Er rügt insbesondere die Beweiswürdigung des Landgerichts, aber auch das
Übergehen von Beweisantritten. Der Kläger macht geltend, dass allein das Alter des
Reifens (7 Jahre) und die Nutzung des Fahrzeuges im Baustellenverkehr mit hoher
Beanspruchung zu einer Beseitigung der Verkehrssicherheit geführt habe. Die
statistische Wahrscheinlichkeit einer Protektorablösung verzehnfache sich bei Reifen,
die älter als 6 Jahre alt seien. Der Zustand der Reifen habe in der Werkstatt der
Beklagten im Rahmen der "Großen Inspektion" bei 90.000 km am 10. Mai 2002
untersucht werden müssen, da die von der Firma B. in Auftrag gegebenen
Wartungsarbeiten so hätten ausgeführt werden müssen, dass das Fahrzeug für die
nächste Zeit (möglichst bis zur nächsten Inspektion) gebrauchsfähig und fahrbereit war.
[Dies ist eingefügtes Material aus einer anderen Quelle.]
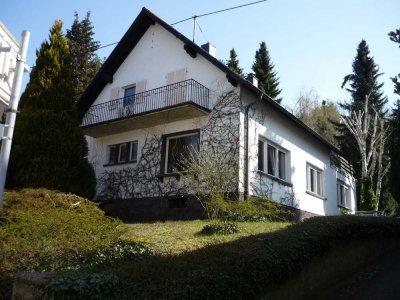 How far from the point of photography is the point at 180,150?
16.9m

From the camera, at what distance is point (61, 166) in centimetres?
1441

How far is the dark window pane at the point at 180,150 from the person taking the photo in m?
16.3

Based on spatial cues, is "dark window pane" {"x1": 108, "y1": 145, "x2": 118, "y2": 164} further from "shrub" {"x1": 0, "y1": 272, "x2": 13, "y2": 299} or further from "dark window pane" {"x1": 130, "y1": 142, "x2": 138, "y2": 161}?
"shrub" {"x1": 0, "y1": 272, "x2": 13, "y2": 299}

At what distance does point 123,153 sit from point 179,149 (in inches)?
134

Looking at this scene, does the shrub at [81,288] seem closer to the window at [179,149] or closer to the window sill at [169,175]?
the window sill at [169,175]

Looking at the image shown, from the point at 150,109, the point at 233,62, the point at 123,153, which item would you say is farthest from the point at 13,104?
the point at 233,62

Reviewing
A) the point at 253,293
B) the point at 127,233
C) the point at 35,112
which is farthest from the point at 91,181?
the point at 253,293

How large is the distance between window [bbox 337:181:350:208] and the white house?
4.13 metres

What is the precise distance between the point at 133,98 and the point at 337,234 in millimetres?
12488

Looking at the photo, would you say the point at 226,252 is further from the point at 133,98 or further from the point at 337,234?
the point at 133,98

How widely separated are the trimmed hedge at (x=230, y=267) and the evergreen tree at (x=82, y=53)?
26.8m

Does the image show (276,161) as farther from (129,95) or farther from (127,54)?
(127,54)

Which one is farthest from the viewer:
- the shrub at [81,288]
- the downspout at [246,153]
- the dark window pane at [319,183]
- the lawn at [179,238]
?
the dark window pane at [319,183]

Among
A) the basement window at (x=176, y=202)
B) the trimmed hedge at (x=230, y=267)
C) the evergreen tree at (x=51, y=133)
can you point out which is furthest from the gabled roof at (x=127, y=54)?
the trimmed hedge at (x=230, y=267) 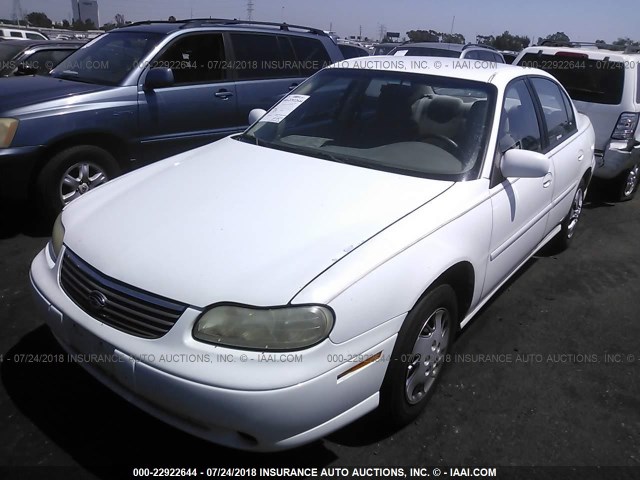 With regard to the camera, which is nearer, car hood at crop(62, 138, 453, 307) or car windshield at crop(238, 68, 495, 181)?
car hood at crop(62, 138, 453, 307)

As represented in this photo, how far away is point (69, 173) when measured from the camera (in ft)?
15.0

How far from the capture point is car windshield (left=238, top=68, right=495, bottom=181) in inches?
112

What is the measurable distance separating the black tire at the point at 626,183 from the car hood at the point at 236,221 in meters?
4.69

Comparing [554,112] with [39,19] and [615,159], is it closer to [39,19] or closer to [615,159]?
[615,159]

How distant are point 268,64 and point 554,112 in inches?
133

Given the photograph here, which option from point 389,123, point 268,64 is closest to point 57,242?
point 389,123

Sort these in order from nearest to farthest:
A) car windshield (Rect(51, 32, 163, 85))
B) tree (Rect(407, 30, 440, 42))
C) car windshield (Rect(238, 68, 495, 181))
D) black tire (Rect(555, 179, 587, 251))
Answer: car windshield (Rect(238, 68, 495, 181)), black tire (Rect(555, 179, 587, 251)), car windshield (Rect(51, 32, 163, 85)), tree (Rect(407, 30, 440, 42))

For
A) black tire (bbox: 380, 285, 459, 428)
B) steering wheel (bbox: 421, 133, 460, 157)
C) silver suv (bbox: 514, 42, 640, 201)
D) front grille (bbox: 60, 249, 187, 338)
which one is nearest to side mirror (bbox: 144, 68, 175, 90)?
steering wheel (bbox: 421, 133, 460, 157)

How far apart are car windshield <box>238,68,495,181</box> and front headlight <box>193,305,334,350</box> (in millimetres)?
1183

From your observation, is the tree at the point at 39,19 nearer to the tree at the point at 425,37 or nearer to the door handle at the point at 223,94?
the tree at the point at 425,37

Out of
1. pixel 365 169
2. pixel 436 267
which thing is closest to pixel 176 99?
pixel 365 169

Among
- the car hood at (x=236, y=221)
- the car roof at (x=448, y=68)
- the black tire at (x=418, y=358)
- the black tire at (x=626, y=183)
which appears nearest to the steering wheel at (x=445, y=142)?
the car hood at (x=236, y=221)

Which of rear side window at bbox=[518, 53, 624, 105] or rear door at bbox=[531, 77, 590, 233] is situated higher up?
A: rear side window at bbox=[518, 53, 624, 105]

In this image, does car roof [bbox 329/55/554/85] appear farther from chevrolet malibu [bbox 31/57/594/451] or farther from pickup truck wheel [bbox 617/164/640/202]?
pickup truck wheel [bbox 617/164/640/202] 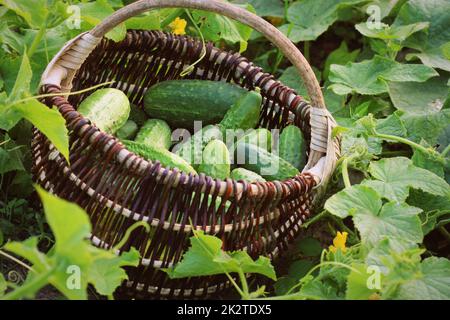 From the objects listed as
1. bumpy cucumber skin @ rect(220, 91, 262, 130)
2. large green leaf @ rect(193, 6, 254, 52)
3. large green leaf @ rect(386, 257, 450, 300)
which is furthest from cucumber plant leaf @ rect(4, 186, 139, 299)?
large green leaf @ rect(193, 6, 254, 52)

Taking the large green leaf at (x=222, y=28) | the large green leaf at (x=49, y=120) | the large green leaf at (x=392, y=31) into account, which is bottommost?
the large green leaf at (x=392, y=31)

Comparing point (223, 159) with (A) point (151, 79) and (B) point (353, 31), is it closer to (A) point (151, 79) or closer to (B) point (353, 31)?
(A) point (151, 79)

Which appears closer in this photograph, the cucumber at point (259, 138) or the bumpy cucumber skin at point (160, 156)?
the bumpy cucumber skin at point (160, 156)

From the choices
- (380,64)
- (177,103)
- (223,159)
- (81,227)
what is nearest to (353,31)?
(380,64)

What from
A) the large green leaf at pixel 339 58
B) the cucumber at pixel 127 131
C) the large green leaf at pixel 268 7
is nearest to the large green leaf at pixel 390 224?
the cucumber at pixel 127 131

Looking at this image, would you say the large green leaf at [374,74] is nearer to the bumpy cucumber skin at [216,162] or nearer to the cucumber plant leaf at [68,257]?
the bumpy cucumber skin at [216,162] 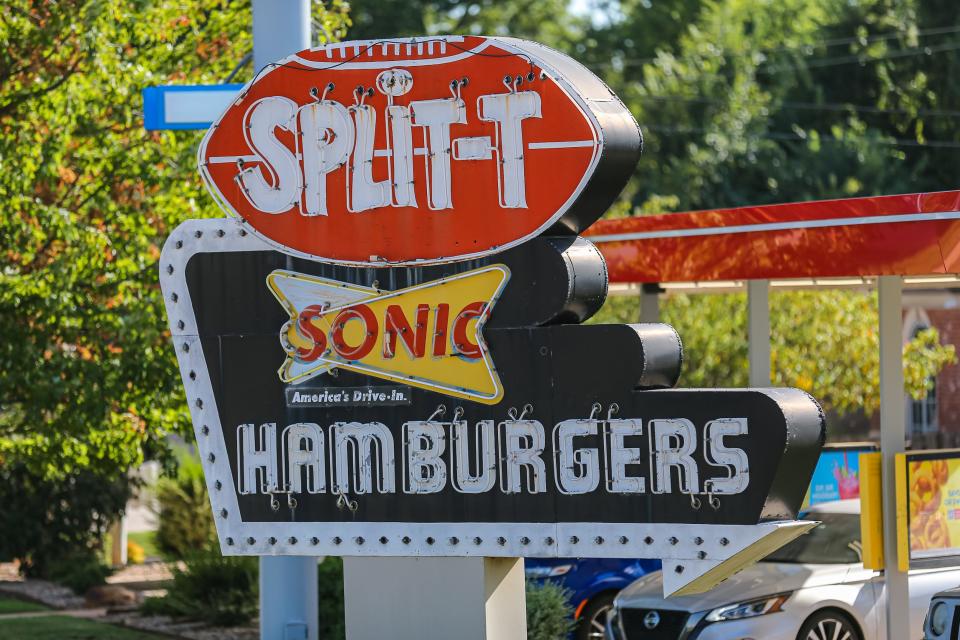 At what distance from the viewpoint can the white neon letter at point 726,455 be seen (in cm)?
663

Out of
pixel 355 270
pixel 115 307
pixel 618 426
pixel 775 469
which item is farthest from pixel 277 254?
pixel 115 307

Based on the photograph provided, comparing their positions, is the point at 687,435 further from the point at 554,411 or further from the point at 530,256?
the point at 530,256

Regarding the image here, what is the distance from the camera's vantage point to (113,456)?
11.6 meters

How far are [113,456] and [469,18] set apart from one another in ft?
120

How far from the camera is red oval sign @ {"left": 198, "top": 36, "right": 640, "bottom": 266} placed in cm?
700

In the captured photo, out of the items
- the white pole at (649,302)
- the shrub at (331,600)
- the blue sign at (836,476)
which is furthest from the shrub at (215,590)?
the blue sign at (836,476)

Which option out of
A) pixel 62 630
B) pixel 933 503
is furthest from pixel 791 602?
pixel 62 630

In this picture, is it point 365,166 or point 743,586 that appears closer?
point 365,166

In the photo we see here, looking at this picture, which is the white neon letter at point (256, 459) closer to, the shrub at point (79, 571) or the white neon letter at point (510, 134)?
the white neon letter at point (510, 134)

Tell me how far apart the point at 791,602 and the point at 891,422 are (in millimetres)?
1560

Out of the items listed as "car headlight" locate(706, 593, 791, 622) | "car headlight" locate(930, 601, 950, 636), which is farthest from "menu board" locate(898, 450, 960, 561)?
"car headlight" locate(930, 601, 950, 636)

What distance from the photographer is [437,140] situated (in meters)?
7.26

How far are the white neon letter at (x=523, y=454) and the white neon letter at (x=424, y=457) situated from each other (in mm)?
332

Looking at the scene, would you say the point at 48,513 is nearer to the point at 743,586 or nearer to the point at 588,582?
the point at 588,582
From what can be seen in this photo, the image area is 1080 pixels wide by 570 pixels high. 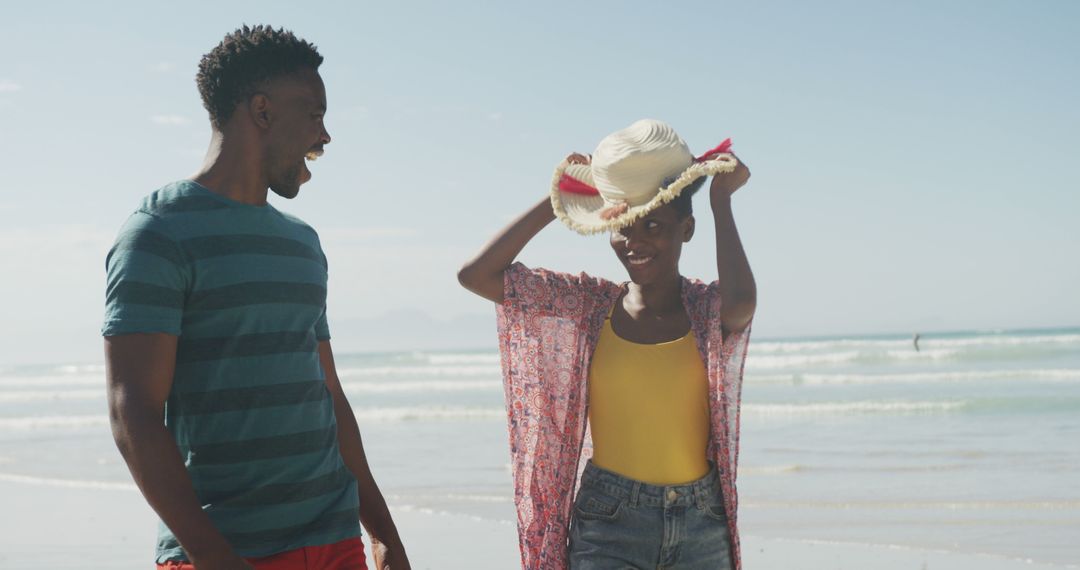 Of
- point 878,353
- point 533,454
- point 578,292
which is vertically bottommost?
point 878,353

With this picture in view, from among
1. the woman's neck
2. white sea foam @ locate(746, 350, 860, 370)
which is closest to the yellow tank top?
the woman's neck

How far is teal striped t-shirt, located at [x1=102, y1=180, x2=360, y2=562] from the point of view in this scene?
218cm

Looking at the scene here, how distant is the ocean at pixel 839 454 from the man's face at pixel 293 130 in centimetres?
595

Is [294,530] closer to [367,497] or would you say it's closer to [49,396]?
[367,497]

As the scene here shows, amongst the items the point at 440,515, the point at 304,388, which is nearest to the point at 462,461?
the point at 440,515

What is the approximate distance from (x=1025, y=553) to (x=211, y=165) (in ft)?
20.9

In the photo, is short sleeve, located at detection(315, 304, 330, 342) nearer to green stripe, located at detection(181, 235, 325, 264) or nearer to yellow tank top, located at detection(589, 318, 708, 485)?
green stripe, located at detection(181, 235, 325, 264)

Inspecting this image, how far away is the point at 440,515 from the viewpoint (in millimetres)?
8555

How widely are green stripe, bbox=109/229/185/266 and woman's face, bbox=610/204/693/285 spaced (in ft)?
4.55

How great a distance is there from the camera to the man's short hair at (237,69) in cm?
247

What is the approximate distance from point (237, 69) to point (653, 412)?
1488mm

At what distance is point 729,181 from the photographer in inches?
124

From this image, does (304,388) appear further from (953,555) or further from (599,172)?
(953,555)

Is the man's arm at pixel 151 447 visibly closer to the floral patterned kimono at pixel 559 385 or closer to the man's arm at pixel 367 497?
the man's arm at pixel 367 497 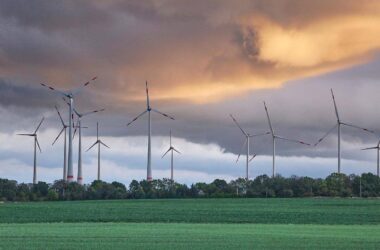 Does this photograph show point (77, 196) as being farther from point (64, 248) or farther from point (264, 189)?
point (64, 248)

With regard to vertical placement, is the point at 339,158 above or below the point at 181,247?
above

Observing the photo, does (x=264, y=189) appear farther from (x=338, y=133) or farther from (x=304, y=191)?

Der entsprechende ausdrückliche Auftrag zur Untersuchung des Reifenzustandes sei
nicht erforderlich, da dies vom Inspektionsauftrag umfasst sei. Bei der gebotenen
Untersuchung hätte sodann der schlechte Reifenzustand und insbesondere das Alter
des Reifens festgestellt werden müssen, da dieses anhand der sogenannten Dot-
Nummer für eine Fachwerkstatt sofort erkennbar gewesen sei. Der Kläger als
fahrzeugtechnischer Laie habe hingegen weder das verschlüsselt eingestanzte Alter
des Reifens noch die Porosität des Materials erkennen können. Im Rahmen seiner vor
Antritt der Fahrt für den jeweiligen Fahrer vorgeschriebenen Überprüfung des
Fahrzeuges sei es lediglich möglich gewesen, das Profil und den Luftdruck der Reifen
zu untersuchen. In dieser Hinsicht seien die Reifen jedoch mängelfrei gewesen.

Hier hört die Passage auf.